== Records provided

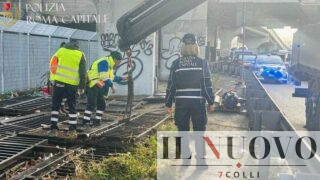 Roma, operazione sotto la Tangenziale: rimossi 15 metri cubi di rifiuti e una bombola del gas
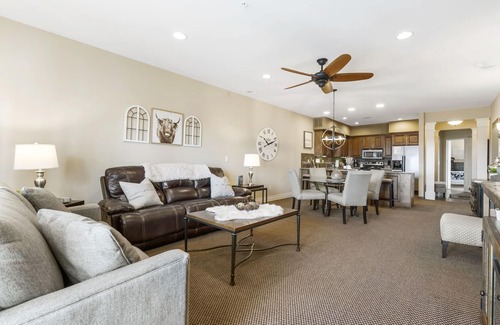 Branson Condo | HUGE LUXURY Condo with Pool! Elevator! Fun! Rec PLEX!12 Min To SDC & TB RK LAKE!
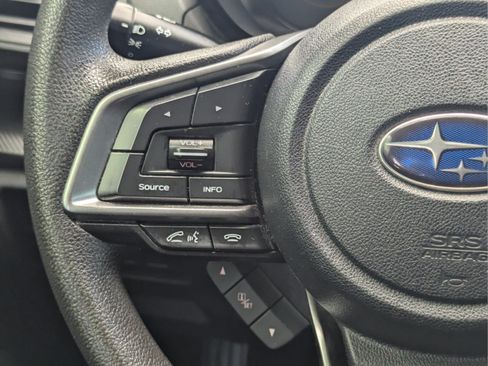 Used 2021 Subaru Crosstrek 2.0i AWD/4WD image 18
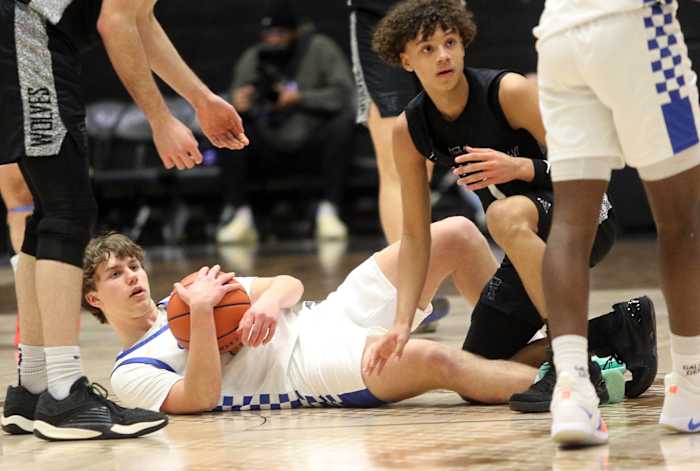 a Tualatin Barlow 6A Oregon boys basketball quarterfinal 2024 Dan Brood 22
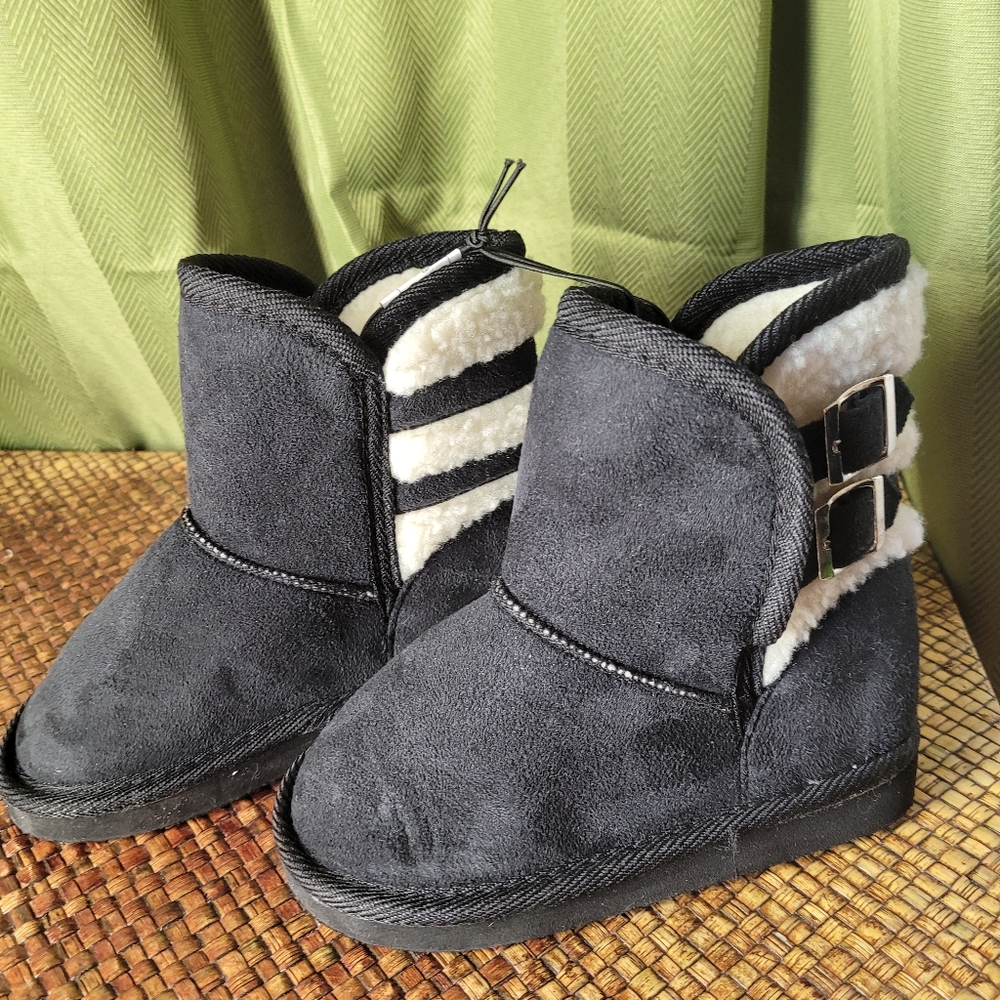 Toddler black buckle boots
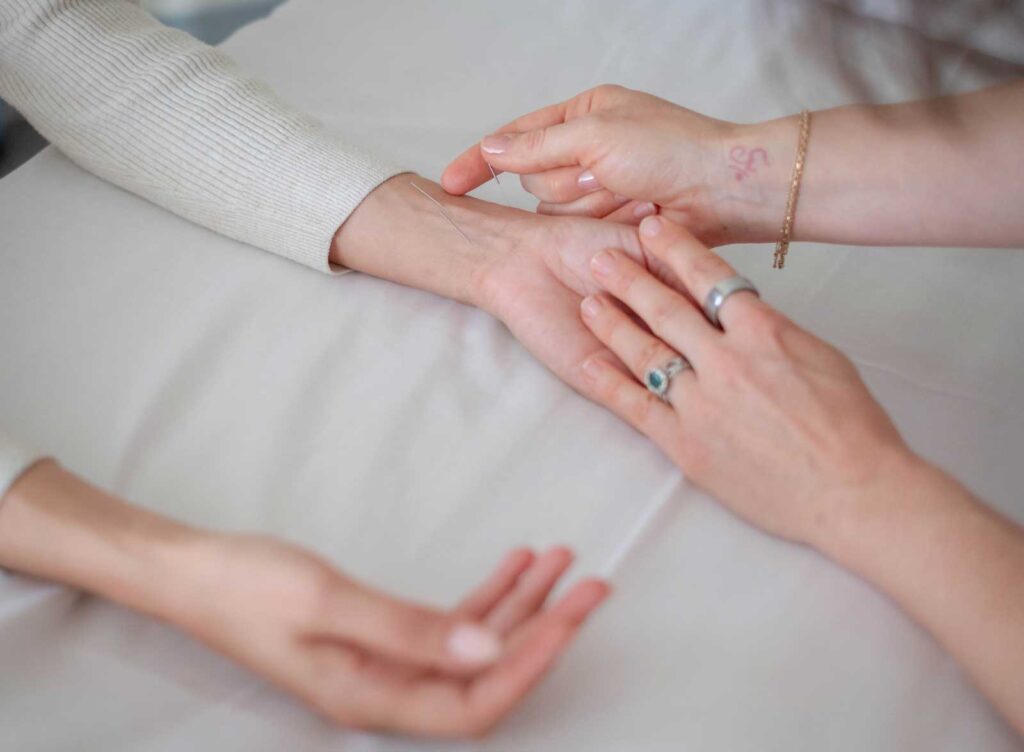 Acupuncture in the wrists | Traditional Chinese-Style Acupuncture Services | Boulder & Longmont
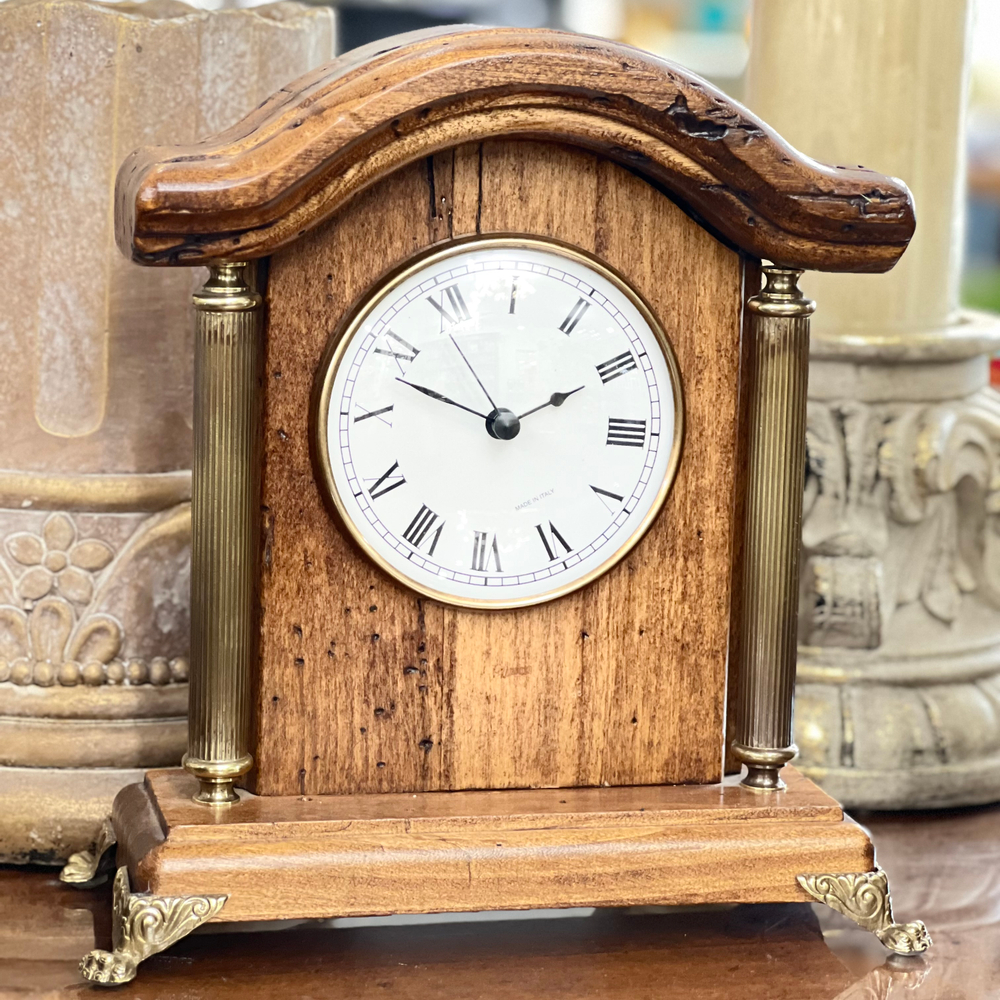 Часы настольные на ножках 23 см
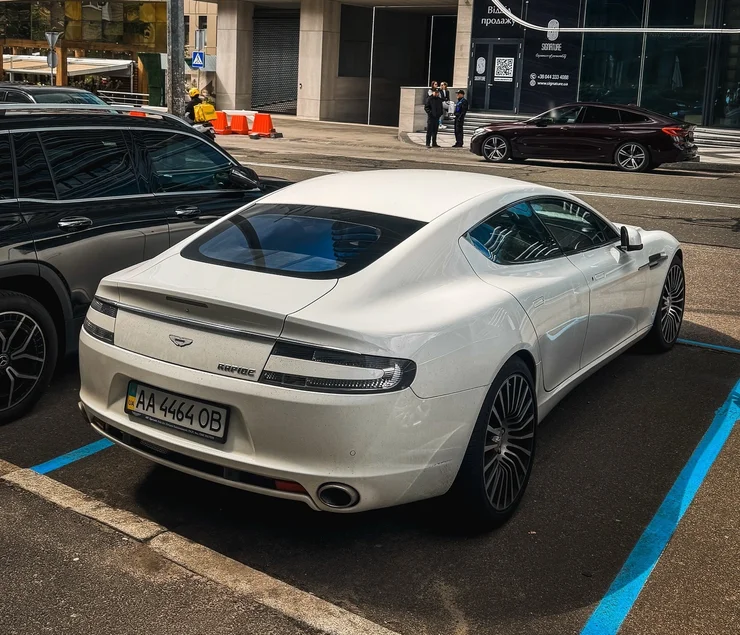 У Києві засвітився Aston Martin Rapide: один із 2872 "сімейних суперкарів" з V12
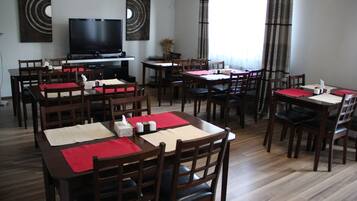 Café da manhã com buffet grátis todos os dias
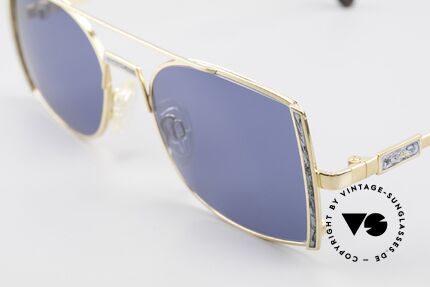 Cazal 242 Tyga Hip Hop Vintage Shades, never worn (like all our rare old HipHop-Cazals), Made for Men and Women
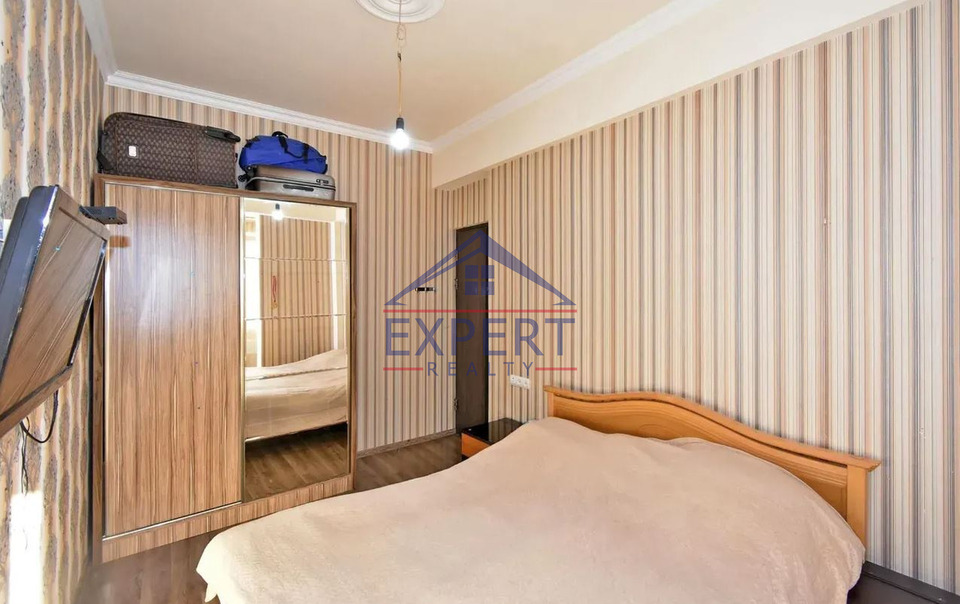 ԴԱՎԹԱՇԵՆ, ԴԱՎԹԱՇԵՆ 4-ՐԴ ԹԱՂԱՄԱՍ, 3 ՍԵՆ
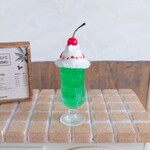 受注製作🍈🕊🍒シマエナガアイスのっけメロンクリームソーダ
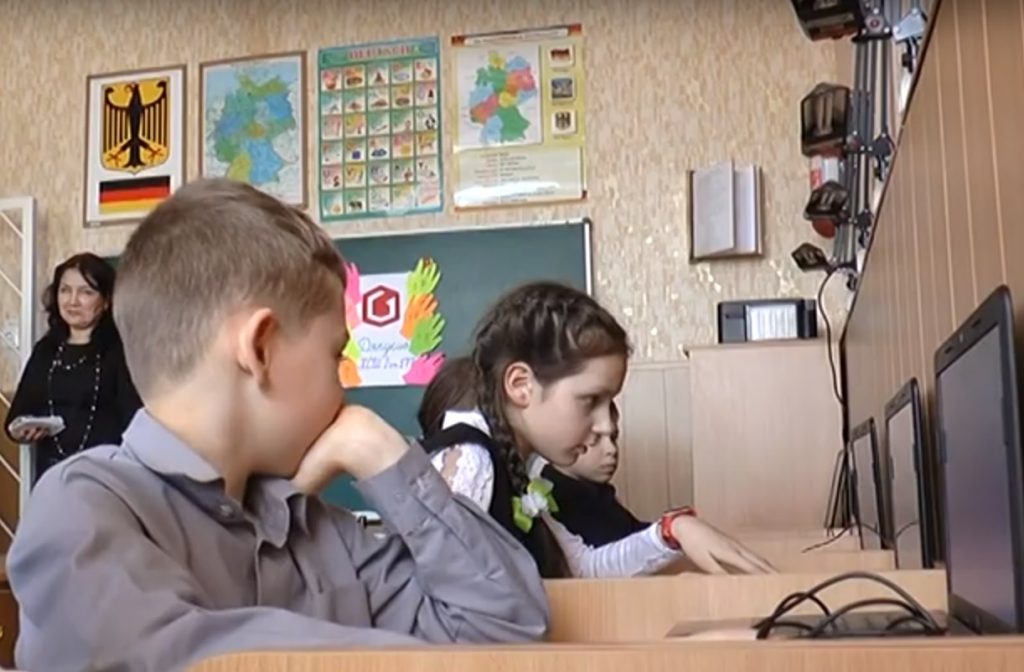 На Салтівці учні навчальних класів ЗОШ навчатимуться за допомогою нового технічного обладнання (відео)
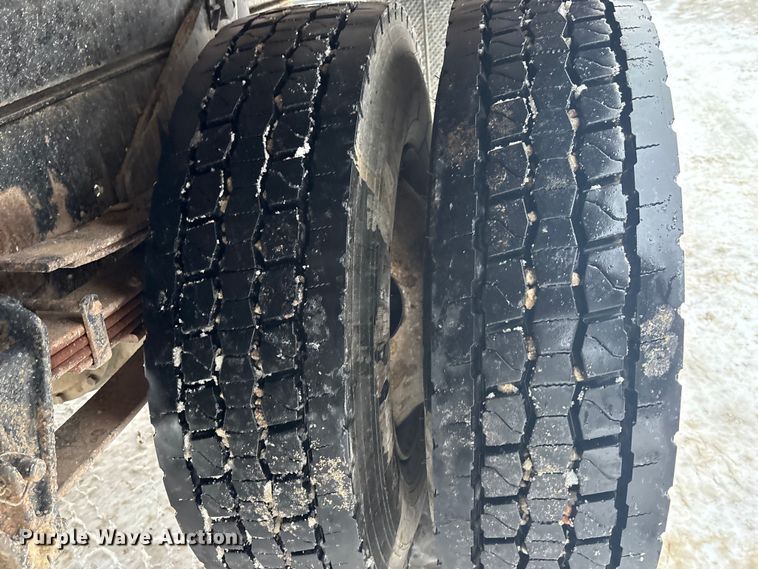 image for item FG1506 1996 International 4700 dump truck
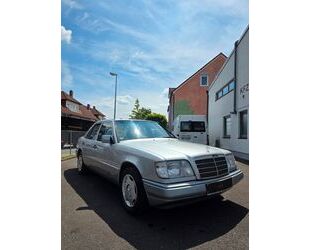 Mercedes-Benz 220 Gebrauchtwagen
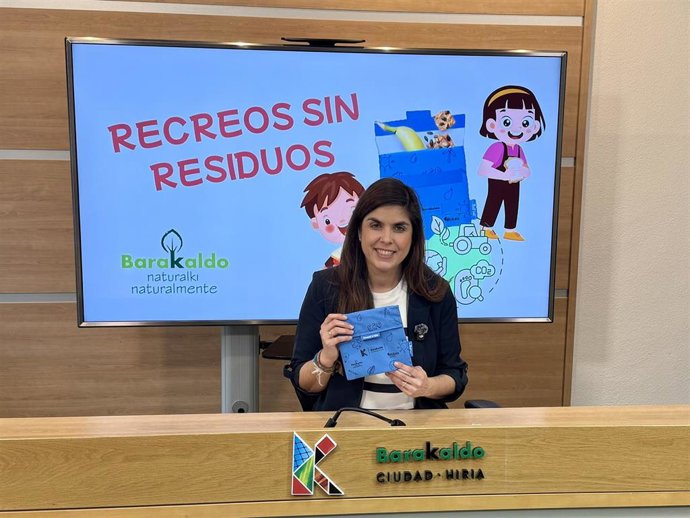 La concejal de Desarrollo Sostenible y Medio Natural del Ayuntamiento de Barakaldo, Alba Delgado, en la presentación de la campaña "Los recreos sin residuos".
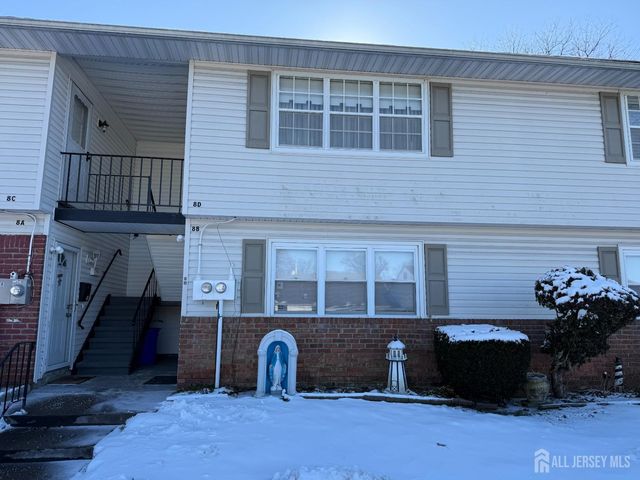 8 Minnesota Dr #B, Matawan, NJ 07747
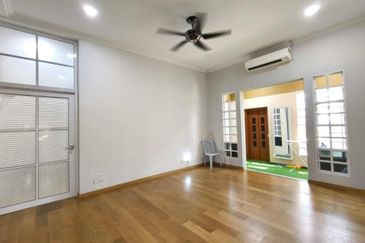 Avenue 4 Lake Valley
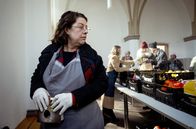 Tatort – Monika Lehnen (Tilla Kratochwil) hilft als Ehrenamtliche bei der Essenausgabe der Tafel mit. Ihre Freundin Susanne hat keine Ahnung, dass Monika selbst zu den Bedürftigen zählt. Heimlich packt sie ein Päckchen Kaffee ein.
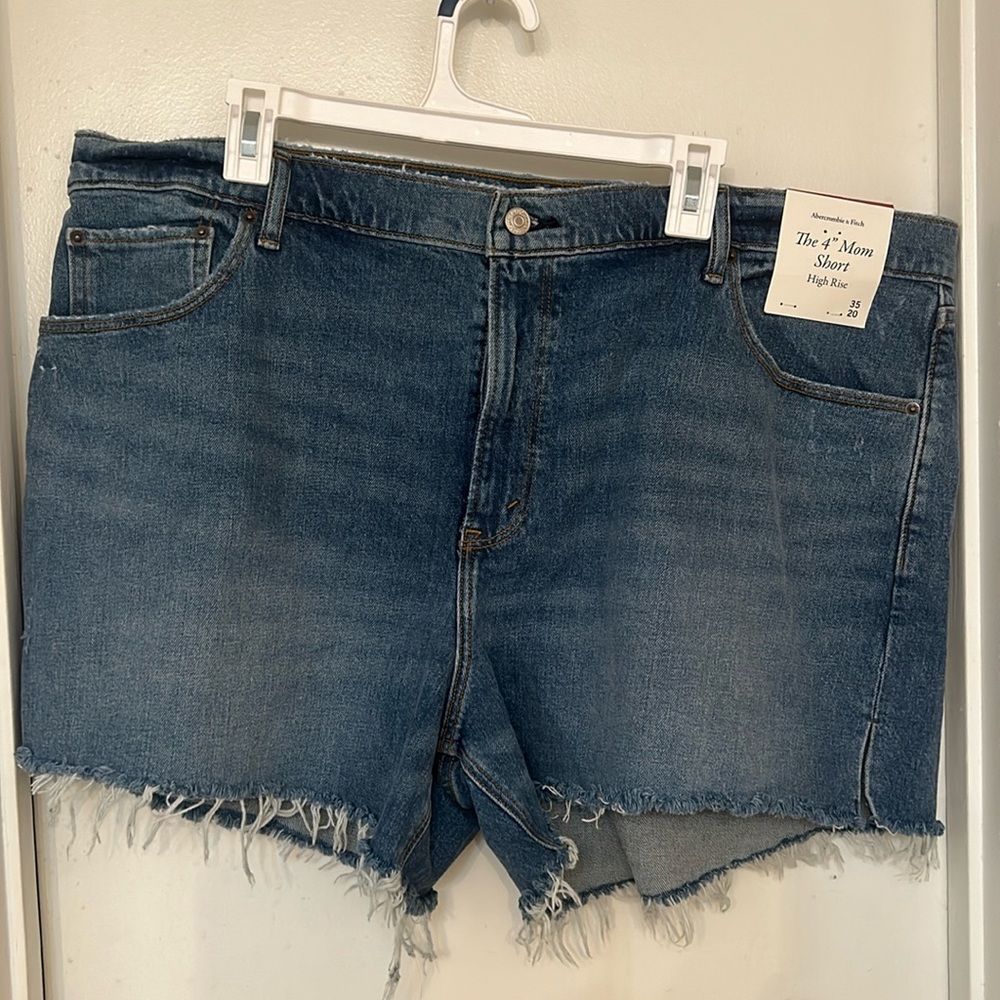 Abercrombie & Fitch “The 4” Mom Short” size 35/20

====

→ Task details: Find the line with "a Tualatin Barlow" and the line with "Mercedes-Benz 220 Gebrauchtwagen" in the records above. Copy both and all lines between them exactly, without pictures.

→ Written response:
 a Tualatin Barlow 6A Oregon boys basketball quarterfinal 2024 Dan Brood 22
 Toddler black buckle boots
 Acupuncture in the wrists | Traditional Chinese-Style Acupuncture Services | Boulder & Longmont
 Часы настольные на ножках 23 см
 У Києві засвітився Aston Martin Rapide: один із 2872 "сімейних суперкарів" з V12
 Café da manhã com buffet grátis todos os dias
 Cazal 242 Tyga Hip Hop Vintage Shades, never worn (like all our rare old HipHop-Cazals), Made for Men and Women
 ԴԱՎԹԱՇԵՆ, ԴԱՎԹԱՇԵՆ 4-ՐԴ ԹԱՂԱՄԱՍ, 3 ՍԵՆ
 受注製作🍈🕊🍒シマエナガアイスのっけメロンクリームソーダ
 На Салтівці учні навчальних класів ЗОШ навчатимуться за допомогою нового технічного обладнання (відео)
 image for item FG1506 1996 International 4700 dump truck
 Mercedes-Benz 220 Gebrauchtwagen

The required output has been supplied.